Short web captions:

++++++

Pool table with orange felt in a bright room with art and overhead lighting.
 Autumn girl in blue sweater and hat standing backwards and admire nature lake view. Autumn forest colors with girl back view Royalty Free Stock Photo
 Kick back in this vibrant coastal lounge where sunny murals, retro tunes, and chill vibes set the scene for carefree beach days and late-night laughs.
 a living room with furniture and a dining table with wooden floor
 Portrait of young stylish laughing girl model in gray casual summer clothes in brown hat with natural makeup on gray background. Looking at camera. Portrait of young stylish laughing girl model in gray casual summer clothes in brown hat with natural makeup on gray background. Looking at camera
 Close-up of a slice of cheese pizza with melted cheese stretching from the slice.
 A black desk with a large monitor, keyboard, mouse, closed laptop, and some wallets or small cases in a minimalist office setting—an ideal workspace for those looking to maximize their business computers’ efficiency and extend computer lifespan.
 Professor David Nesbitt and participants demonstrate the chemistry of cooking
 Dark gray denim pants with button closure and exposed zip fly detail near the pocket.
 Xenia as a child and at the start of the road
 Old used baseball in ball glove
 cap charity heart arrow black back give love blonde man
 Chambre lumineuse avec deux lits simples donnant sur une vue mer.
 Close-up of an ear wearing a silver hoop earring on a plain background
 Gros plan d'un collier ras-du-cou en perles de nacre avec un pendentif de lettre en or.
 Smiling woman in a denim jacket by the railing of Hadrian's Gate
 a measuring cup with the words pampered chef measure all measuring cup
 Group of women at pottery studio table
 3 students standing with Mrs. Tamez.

++++++

» What to produce:
Every line in the records above that contains the word "table" should be copied out.

» Completed task:
Pool table with orange felt in a bright room with art and overhead lighting.
 a living room with furniture and a dining table with wooden floor
 Group of women at pottery studio table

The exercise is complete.